Not enough cyber security training providers make appropriate use of simulated attacks.
7. Share performance reports
Cyber security training is often seen as something that must be completed in addition to the day job – when it should really be viewed as part of the day job itself – and not just relevant for the job but for personal and domestic wellbeing, too.
By sharing individual cyber security performance reports (in the same way a manager might feedback on existing key performance indicators), cyber security becomes part of the day job and a way in which a business can encourage its people to really look after themselves.
Your people will only ever take cyber security as seriously as your culture allows.

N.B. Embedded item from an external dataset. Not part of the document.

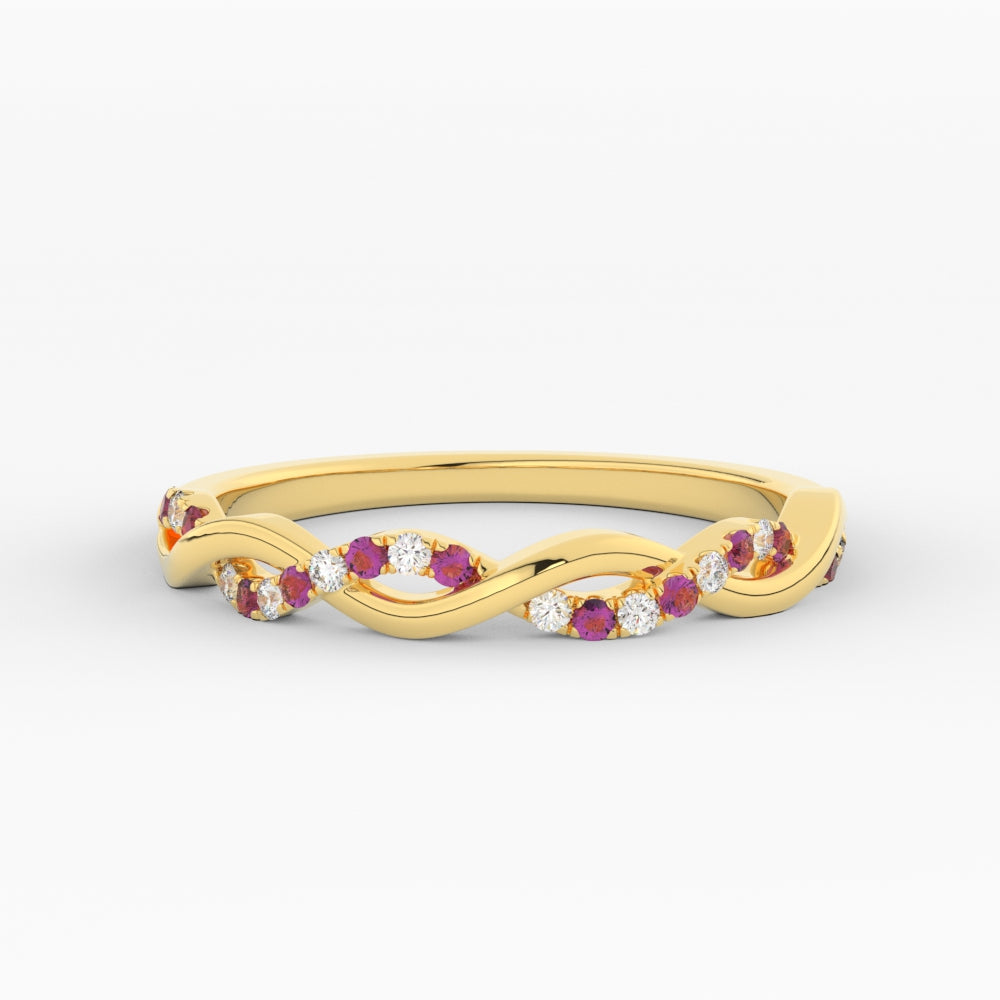 infinity-diamond-wedding-promise-band-with-pink-sapphire-in-yellow-gold-FD1122B1GSADRPI-NL-YG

8. Educate people on threats
In 2013, illegal access to a woman’s webcam could be bought for 64p online.
Whilst at CybSafe we don’t condone scaremongering, we strongly believe more should be done to educate people on threats. And just as with both stories and things that are novel, humans are evolutionarily wired to pay attention to threats.
Including training modules on threats – both personal and corporate – isn’t just socially responsible. It dramatically heightens cyber security engagement.
9. Use blended learning
Blended learning styles use multiple learning techniques to ensure individuals can tailor their learning to their specific needs.
As you might remember from your full-time education, different people learn in different ways. Forcing someone to learn in a manner that doesn’t come naturally builds resistance to any kind of training, cyber security or otherwise.
Blended learning can therefore keep people engaged.
10. Train everyone
Another fundamental trait of the human psyche is our desire to belong to a group of some shape or form – which explains phenomena such as peer pressure, Groupthink and football hooliganism.
In the context of cyber security, properly training your entire organisation on cyber security can create a group that takes cyber security seriously. It also positions cyber security as a topic of importance and is a prerequisite to creating a culture focused on cyber security.
Changing human behaviour
As you may already know, CybSafe focuses on changing human behaviour to increase cyber resilience.
As you may also know, CybSafe uses learnings from psychology and behavioural sciences to do so in a positive way – and hence leverages and facilitates all of the above.
Whilst it’s true that humans remain responsible for more breaches than any other factor, it’s not all doom and gloom. It is, however, essential we focus on making cyber security training more interesting and engaging.